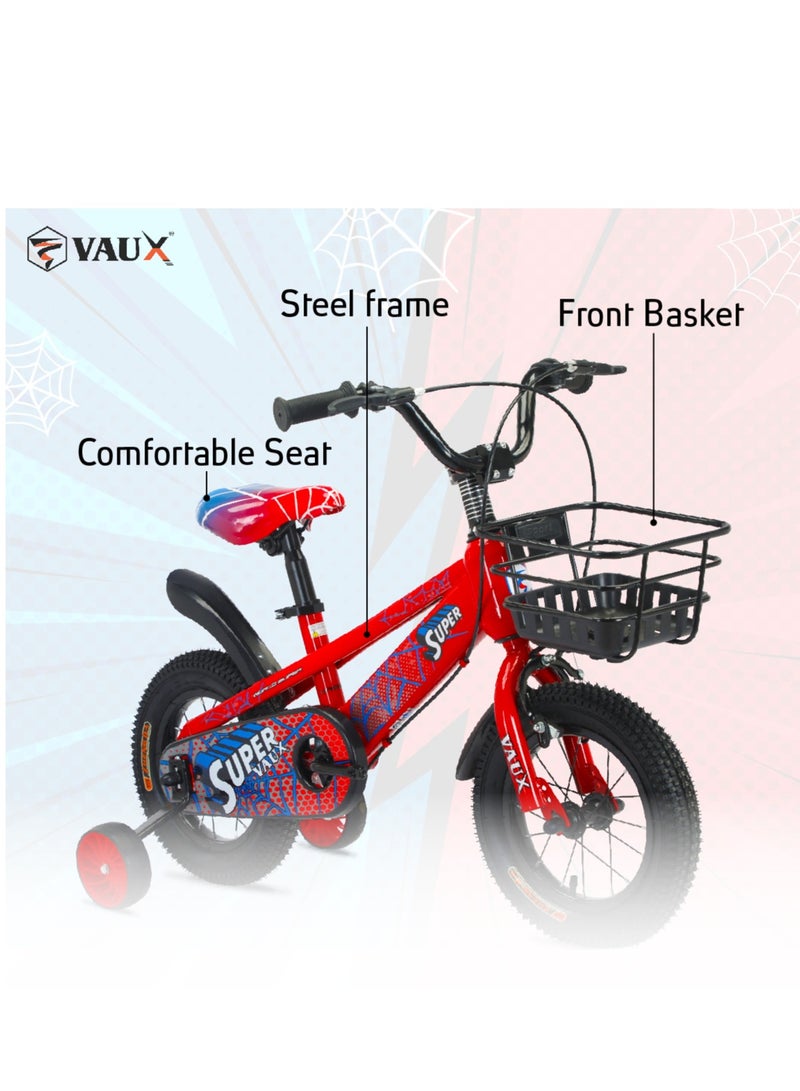 Vaux Super 12-Inch Kids Bike | 12-Inch Wheel Size| Adjustable Seat | With Basket, Handbrake, Mudguards And Training Wheels | Black Color - Image 3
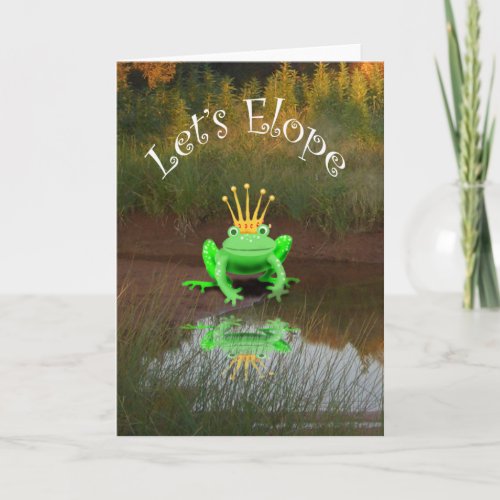 Lets elope green frog with golden crown announcement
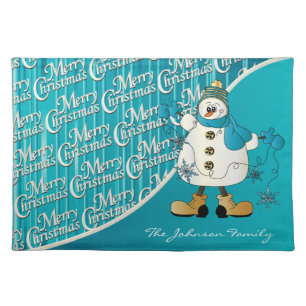 Merry Christmas Blue Snowman Placemat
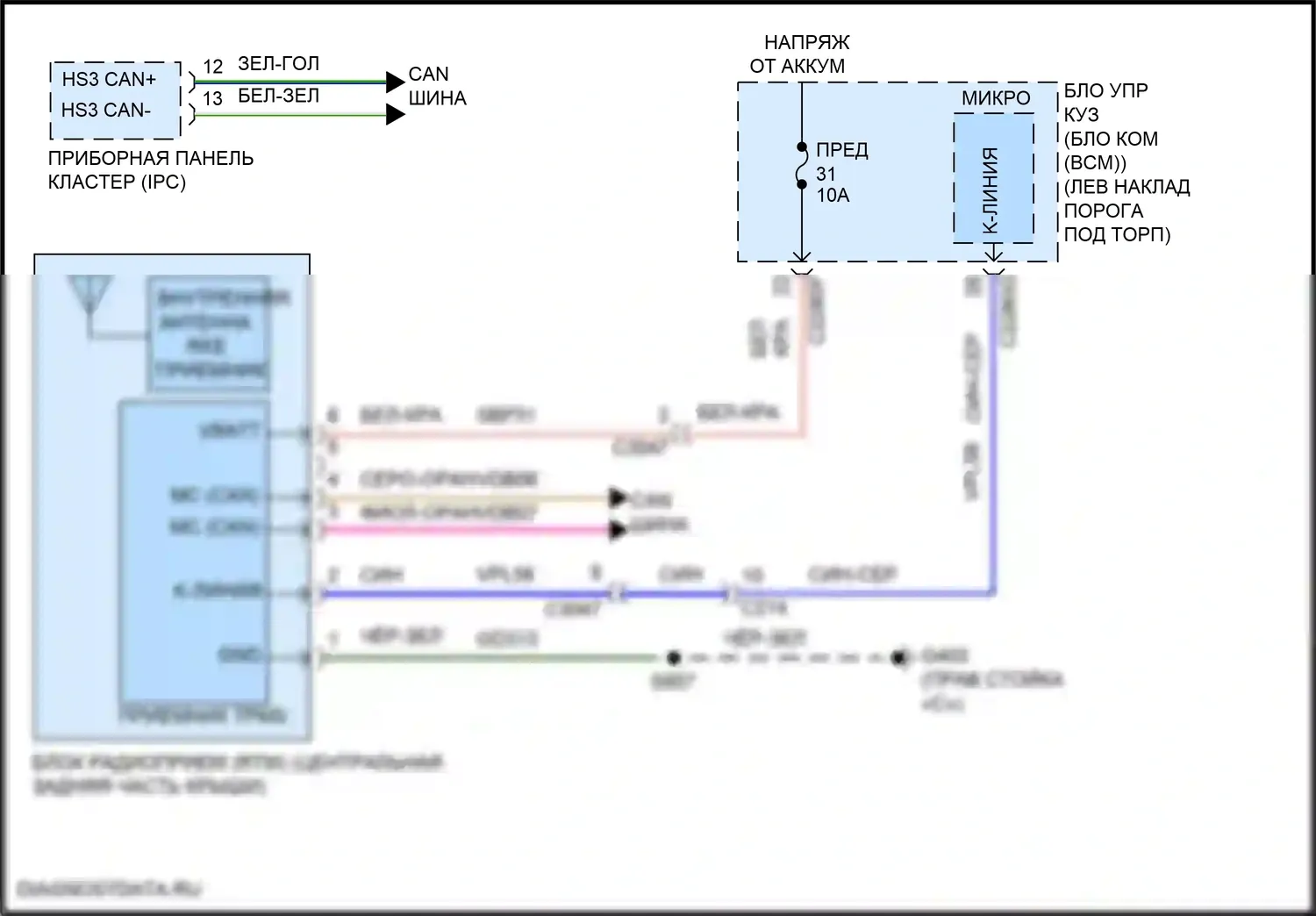Nautilus Lincoln I (2018-2024): Электросхема контроля давления в шинах 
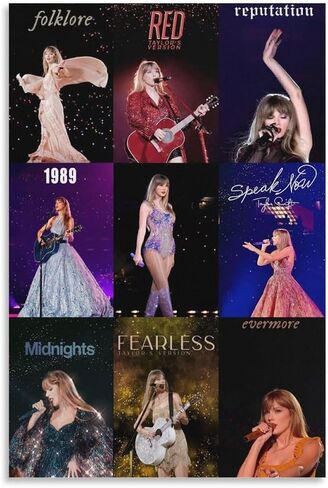 Taylors Poster,The Eras poster,Album Cover Poster Prints for Teens Dorm Decor Music Fans Gifts Canvas Wall Art Room Aesthetic 12x18inch Unframed in Saudi Arabia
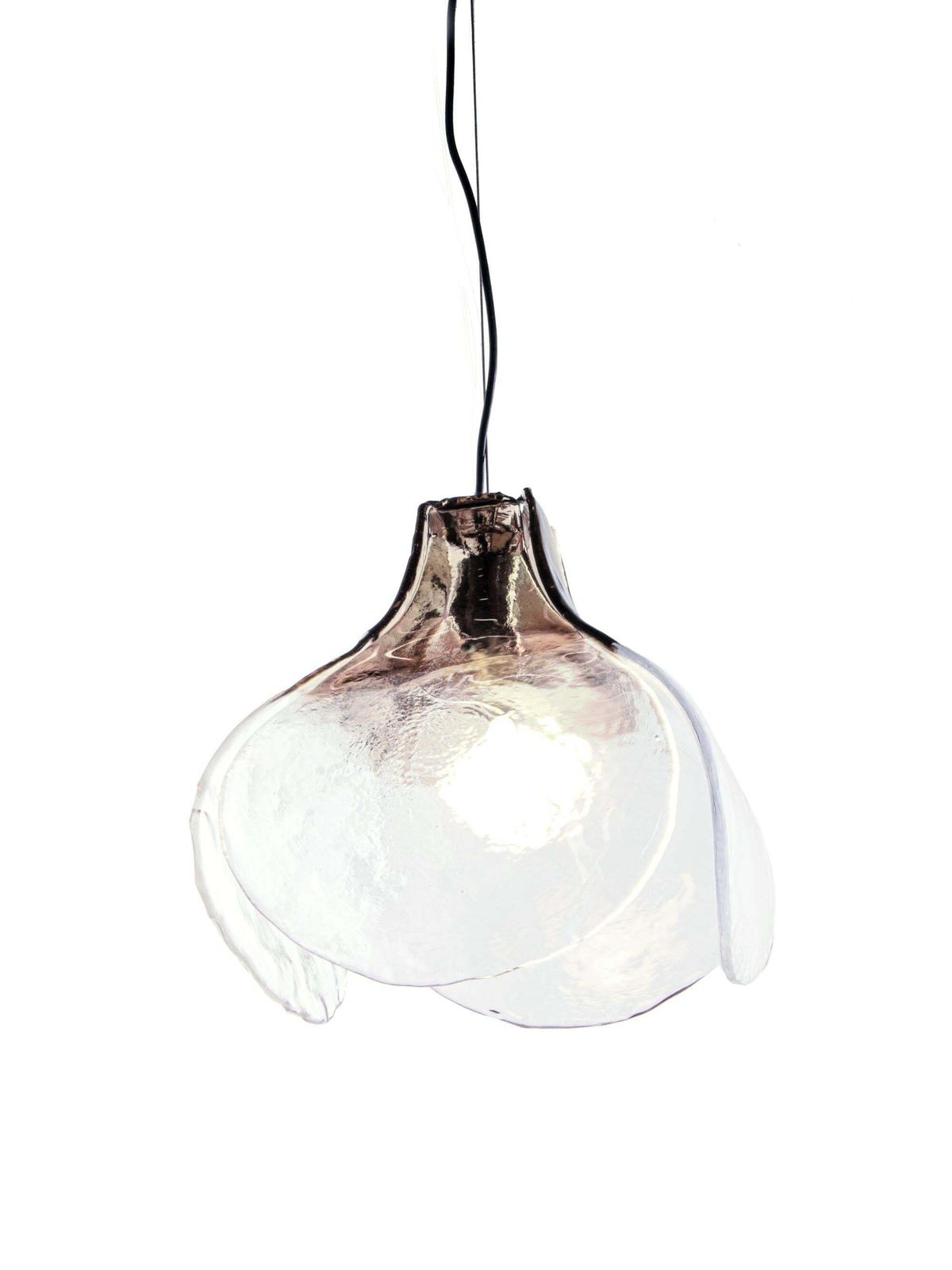 1 'Of 3' Mazzega Tulip Pendant Lamp Amber & Clear Murano Glass Carlo Nason Italy photo 2126.0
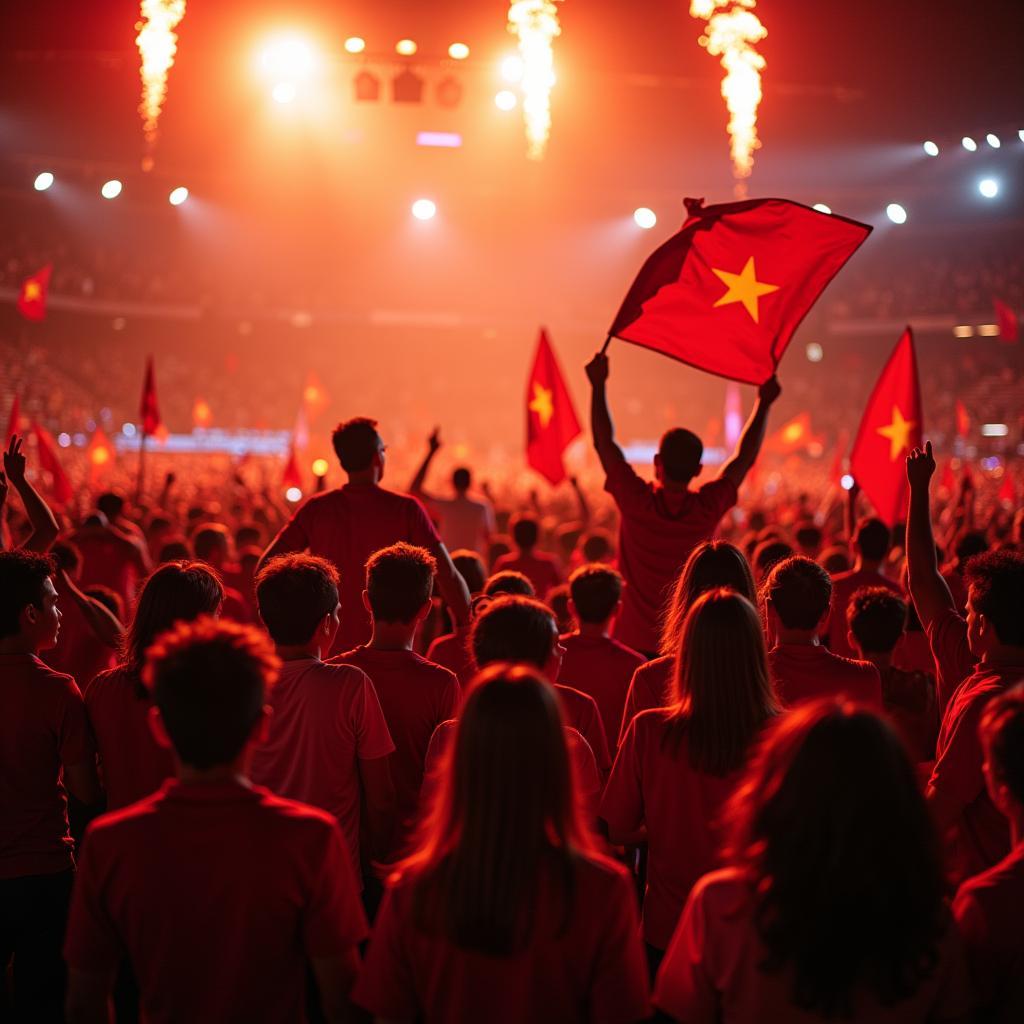 Vietnamese football fans celebrate their team's victory.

### About this task
Copy out, with no pictures, the lines from the one containing "Taylors Poster,The Eras" through the last line of the data above, both ends included and each word unchanged.

### Exercise result
 Taylors Poster,The Eras poster,Album Cover Poster Prints for Teens Dorm Decor Music Fans Gifts Canvas Wall Art Room Aesthetic 12x18inch Unframed in Saudi Arabia
 1 'Of 3' Mazzega Tulip Pendant Lamp Amber & Clear Murano Glass Carlo Nason Italy photo 2126.0
 Vietnamese football fans celebrate their team's victory.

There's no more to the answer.